‘We are not going anywhere!’ clarifies The Morpheus after shutdown news

‘We are not going anywhere!’ clarifies The Morpheus after shutdown news

Thursday February 06, 2014,

3 min Read

Sameer Guglani, Abhishek Garg and Nandini Hirinniah (in transition)
Sameer Guglani, Abhishek Garg and Nandini Hirianniah (in transition)

The Economic Times yesterday reported that The Morpheus is shutting down operations. The news was a hyperbole for a shift in operational model for India's oldest accelerator. Co-founder Sameer Guglani told YourStory that The Morpheus was not shutting down but will undergo a radical shift in its model.

Founded by Sameer Guglani and Nandini Hirianniah, the accelerator had come into existence more by chance after the duo had sold their company MadHouse to Seventymm. Initiated in 2007, The Morpheus has accelerated 82 companies and formed a strong network of more than 160 founders. Having been in the space for more than six years, the duo has realized the need to pivot the venture. The Morpheus also stopped Demo Days (a typical feature of accelerators across the country) about a year ago.

‘We are not going anywhere!’ clarifies The Morpheus after shutdown news
‘We are not going anywhere!’ clarifies The Morpheus after shutdown news

We got in touch with Sameer for a conversation on the developments:

YourStory: Being the first accelerator in the country, this move is surprising. What changed?

Sameer Guglani: This was more of a natural progression for us. We've worked with a lot of companies and formed a very tight network of entrepreneurs. The startup space also has matured to an extent and there are enough resources available for the early stage entrepreneur. We feel there is a more challenging space where entrepreneurs need support and we're moving in that direction.

YS: What happens till then?

SG: We'll be working with all our portfolio companies and help them consolidate. Our last batch ends in March after which we'll break for a few months. We'll be talking to startups and are always available for a chat but there will be no formal engagements.

YS: How do you think the model will shift?

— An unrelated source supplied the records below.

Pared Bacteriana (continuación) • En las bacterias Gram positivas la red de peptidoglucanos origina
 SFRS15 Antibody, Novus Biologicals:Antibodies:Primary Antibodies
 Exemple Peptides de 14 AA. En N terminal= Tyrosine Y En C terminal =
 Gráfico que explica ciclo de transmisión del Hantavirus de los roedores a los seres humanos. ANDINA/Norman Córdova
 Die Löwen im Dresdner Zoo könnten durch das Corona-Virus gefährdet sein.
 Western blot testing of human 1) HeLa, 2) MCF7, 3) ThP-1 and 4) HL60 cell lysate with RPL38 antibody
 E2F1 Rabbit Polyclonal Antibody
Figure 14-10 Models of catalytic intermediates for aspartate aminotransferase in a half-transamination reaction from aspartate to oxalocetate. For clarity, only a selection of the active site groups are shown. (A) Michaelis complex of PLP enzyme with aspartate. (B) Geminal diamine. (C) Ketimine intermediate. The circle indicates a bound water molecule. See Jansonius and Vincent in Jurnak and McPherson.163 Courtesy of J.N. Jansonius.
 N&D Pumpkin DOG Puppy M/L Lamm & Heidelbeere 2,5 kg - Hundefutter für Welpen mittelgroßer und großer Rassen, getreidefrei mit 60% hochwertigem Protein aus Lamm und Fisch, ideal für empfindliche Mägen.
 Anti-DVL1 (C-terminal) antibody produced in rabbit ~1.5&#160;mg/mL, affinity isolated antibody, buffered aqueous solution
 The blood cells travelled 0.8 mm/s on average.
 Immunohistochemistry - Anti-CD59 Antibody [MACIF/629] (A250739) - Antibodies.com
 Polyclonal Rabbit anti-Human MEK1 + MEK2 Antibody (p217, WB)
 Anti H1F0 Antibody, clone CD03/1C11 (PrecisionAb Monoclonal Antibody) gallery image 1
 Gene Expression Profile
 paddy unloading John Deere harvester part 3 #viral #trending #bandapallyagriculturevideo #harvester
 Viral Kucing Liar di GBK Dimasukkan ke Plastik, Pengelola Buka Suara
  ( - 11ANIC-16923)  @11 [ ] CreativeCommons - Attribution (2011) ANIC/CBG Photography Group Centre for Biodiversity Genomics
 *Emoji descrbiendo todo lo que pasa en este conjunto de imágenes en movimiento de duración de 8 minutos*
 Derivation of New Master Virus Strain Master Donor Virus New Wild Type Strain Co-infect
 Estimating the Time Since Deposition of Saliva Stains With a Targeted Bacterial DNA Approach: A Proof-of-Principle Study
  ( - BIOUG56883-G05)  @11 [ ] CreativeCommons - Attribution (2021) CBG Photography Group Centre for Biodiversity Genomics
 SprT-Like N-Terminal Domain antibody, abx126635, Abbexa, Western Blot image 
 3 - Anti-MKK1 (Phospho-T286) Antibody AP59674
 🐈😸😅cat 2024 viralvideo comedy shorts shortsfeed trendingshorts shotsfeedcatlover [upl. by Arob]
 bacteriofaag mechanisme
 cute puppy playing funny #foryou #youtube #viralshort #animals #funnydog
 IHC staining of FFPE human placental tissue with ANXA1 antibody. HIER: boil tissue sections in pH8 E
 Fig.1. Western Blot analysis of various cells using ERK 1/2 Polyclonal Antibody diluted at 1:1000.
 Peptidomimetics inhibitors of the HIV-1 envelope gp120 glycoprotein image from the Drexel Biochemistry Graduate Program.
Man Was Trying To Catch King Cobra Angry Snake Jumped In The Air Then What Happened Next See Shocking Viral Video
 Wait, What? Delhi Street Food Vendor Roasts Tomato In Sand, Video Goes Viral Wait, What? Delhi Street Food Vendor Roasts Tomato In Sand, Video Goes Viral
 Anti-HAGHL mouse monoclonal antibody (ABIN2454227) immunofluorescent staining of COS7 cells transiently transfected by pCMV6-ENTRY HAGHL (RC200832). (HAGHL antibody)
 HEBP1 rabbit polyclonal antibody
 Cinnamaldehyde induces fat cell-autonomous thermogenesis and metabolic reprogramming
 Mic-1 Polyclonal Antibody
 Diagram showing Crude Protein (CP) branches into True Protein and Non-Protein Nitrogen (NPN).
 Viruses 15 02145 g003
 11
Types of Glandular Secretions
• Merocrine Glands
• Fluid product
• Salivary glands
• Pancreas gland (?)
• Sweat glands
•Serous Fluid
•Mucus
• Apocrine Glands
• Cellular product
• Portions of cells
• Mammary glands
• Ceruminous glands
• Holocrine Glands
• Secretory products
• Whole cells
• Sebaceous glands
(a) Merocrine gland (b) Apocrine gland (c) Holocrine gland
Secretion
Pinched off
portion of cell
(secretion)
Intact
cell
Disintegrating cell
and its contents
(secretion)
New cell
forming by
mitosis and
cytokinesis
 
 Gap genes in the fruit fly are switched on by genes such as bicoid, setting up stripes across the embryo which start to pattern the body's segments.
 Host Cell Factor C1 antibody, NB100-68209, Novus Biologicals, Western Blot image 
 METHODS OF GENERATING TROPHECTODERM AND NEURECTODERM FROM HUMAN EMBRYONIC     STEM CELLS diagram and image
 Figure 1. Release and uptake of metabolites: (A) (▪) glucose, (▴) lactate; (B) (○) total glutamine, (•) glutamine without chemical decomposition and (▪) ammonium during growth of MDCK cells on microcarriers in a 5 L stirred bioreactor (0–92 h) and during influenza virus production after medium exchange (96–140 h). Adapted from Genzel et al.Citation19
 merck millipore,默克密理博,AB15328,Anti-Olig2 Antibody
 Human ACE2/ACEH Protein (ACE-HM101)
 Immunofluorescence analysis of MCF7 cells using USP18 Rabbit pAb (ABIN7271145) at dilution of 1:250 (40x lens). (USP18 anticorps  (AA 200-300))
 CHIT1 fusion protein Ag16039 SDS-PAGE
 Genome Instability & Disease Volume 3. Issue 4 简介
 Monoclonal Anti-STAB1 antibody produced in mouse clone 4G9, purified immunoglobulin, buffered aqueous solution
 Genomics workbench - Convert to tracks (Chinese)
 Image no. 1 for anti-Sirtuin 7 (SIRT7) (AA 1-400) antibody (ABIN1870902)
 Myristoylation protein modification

SG: As I said, we feel that there is enough support for early stage entrepreneurs in India now. As the companies mature, the set of challenges also change. Hiring issues become pressing, how to position yourself to attract a strong second line of management and such. Then the founders themselves face a whole new set of challenges, they've taken funding and there is pressure to show the numbers, coping with that is difficult. We'll be working more with companies in this space and help them sail to the next level.

YS: Will you still be funding companies?

SG: Yes, that component will remain but our current investment of INR 5 lakhs wouldn't be of much value for a company which has survived for a few years. We're yet to decide on the mode of engagement.

YS: The Morpheus Gang keeps growing, any exciting developments on the network front?

SG: Yes, we have 160 founders on our internal software right now for networking.This group is evergrowing and we intend to rely more on this to build a strong support system for the entrepreneurs we're associated with. Taking an overall view, we're undergoing a lot of restructuring and we'll have a better idea on the road ahead in a few months.